La escuela rural

M.B.
01/12/2018
 Actualizado a 03/09/2019
Soy una chica de pueblo. Por circunstancias personales y por las vueltas que da la vida en general, ahora vivo y trabajo en una ciudad. Pero mi infancia la pasé en mi pueblo, con poco más de 400 habitantes, donde estudié hasta octavo de EGB. Recientemente, hablando con varias mamás del colegio, me mostraron su pesar al pensar en mi «pobre educación, tan limitada y básica», según ellas, por haber estudiado en un pueblo. No contesté porque pensé tantas cosas... Mis hijos van a un colegio donde estudian 600 niños, más que habitantes tiene mi pueblo. Allí aprenden inglés, francés, pueden realizar decenas de actividades extraescolares y las tardes las ocupan con más deberes que los que nosotros tuvimos en el instituto. Son 24 alumnos en una clase donde apenas caben, por lo que hay límites físicos para realizar según qué actividades. Cuando yo estudiaba compartíamos clase los alumnos de distintos cursos. Aquello nos permitió desarrollar muchas capacidades y habilidades, además de las deseadas competencias. Aprendí a sumar, no se preocupen. A escribir y a multiplicar.
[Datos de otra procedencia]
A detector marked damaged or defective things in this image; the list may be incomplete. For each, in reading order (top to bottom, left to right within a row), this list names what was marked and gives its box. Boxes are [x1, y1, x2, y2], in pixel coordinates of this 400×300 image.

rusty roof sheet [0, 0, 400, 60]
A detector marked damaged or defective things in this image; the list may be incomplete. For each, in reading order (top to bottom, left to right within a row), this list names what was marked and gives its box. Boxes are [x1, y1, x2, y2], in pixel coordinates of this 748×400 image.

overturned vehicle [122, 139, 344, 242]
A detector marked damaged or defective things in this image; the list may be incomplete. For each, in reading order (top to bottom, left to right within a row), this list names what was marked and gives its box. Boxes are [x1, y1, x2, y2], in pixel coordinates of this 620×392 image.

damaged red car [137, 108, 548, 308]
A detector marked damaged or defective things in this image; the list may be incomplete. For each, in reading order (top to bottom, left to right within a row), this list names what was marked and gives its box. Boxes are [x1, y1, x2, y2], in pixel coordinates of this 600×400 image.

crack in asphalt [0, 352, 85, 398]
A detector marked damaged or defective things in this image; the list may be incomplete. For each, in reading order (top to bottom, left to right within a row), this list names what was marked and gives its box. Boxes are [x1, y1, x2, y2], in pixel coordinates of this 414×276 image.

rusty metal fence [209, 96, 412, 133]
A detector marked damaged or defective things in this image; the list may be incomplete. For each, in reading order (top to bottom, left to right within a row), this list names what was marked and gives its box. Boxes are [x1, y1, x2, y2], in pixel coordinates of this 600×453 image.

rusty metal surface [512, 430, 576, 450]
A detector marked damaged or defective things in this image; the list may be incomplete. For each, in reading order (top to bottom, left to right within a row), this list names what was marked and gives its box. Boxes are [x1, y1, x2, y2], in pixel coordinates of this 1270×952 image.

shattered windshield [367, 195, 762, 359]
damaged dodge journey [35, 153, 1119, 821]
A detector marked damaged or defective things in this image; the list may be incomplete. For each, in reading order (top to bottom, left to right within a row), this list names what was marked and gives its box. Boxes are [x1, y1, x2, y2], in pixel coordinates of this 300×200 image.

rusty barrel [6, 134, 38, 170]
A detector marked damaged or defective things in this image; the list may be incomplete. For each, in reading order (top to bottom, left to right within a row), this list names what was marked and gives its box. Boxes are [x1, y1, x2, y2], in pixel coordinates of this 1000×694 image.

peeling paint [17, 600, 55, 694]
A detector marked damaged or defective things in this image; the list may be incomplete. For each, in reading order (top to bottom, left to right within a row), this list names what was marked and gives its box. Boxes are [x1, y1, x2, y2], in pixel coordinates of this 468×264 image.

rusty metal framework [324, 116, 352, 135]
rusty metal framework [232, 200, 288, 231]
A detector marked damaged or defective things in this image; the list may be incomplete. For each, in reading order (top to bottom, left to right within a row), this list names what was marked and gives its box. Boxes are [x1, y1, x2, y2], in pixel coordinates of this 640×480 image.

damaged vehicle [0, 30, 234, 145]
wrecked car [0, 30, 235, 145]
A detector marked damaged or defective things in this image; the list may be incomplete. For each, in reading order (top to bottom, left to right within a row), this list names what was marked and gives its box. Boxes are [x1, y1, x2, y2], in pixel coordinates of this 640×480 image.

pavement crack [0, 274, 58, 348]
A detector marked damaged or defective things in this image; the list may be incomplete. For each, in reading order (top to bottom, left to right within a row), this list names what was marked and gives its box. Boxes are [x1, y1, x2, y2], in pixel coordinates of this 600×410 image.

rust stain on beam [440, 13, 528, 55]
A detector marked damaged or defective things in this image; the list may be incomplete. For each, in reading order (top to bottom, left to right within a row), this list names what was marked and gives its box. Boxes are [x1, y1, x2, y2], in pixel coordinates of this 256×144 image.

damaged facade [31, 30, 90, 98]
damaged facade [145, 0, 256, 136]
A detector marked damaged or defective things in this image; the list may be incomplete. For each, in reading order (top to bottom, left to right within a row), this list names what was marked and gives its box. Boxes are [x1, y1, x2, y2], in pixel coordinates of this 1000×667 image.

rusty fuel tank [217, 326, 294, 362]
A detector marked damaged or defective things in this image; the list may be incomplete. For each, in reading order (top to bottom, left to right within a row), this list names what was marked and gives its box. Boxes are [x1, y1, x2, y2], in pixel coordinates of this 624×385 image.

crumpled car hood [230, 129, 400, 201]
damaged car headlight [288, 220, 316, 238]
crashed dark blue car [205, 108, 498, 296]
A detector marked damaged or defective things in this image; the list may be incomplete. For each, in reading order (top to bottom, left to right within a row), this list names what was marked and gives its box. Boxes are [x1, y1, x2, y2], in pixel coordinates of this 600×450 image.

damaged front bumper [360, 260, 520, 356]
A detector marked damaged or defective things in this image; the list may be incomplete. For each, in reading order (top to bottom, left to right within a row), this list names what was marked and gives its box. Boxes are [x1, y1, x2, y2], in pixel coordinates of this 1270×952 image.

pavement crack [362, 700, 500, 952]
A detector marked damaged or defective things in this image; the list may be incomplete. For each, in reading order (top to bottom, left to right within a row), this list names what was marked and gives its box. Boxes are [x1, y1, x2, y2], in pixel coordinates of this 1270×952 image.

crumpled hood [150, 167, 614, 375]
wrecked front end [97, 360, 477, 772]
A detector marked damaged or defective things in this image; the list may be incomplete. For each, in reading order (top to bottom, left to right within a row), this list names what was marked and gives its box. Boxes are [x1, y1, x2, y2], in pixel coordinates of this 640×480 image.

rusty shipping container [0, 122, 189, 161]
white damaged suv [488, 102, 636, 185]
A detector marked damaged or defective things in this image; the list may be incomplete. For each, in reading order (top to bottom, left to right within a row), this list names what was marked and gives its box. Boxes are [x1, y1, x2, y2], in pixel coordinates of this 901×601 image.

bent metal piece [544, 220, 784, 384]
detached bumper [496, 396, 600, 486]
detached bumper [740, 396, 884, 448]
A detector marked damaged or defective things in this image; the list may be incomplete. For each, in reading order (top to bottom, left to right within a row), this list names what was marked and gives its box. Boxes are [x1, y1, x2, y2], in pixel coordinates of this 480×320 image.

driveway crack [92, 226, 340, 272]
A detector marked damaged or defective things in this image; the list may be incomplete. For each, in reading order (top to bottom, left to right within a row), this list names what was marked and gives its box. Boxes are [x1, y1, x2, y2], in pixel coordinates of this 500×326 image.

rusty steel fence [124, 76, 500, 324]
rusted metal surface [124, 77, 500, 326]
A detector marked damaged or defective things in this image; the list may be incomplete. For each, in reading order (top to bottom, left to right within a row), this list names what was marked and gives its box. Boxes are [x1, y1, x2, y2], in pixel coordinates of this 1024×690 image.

Pero, sobre todo, aprendimos a compartir, a colaborar, a respetar, a esperar, a ayudar. Apenas teníamos deberes porque nunca los sentimos como tales. Cada día, después de merendar y recorrer el pueblo con la bicicleta, hacíamos los trabajos en casa de algún compañero, porque la mayoría de las tareas solían ser trabajos en grupo, de investigación y muy creativos. Dimos vida a un cómic, publicamos un periódico, sacamos adelante un programa de radio, teníamos incluso un laboratorio de fotografía. Nuestras familias participaban en multitud de actividades y los vecinos se implicaban en las actividades en grupo y con las que dábamos vida al pueblo. Porque la comunidad educativa era todo el pueblo. La escuela tenía su propio significado en mayúscula. ESCUELA. Por eso me siento orgullosa de ser de pueblo y de haber estudiado en la ESCUELA.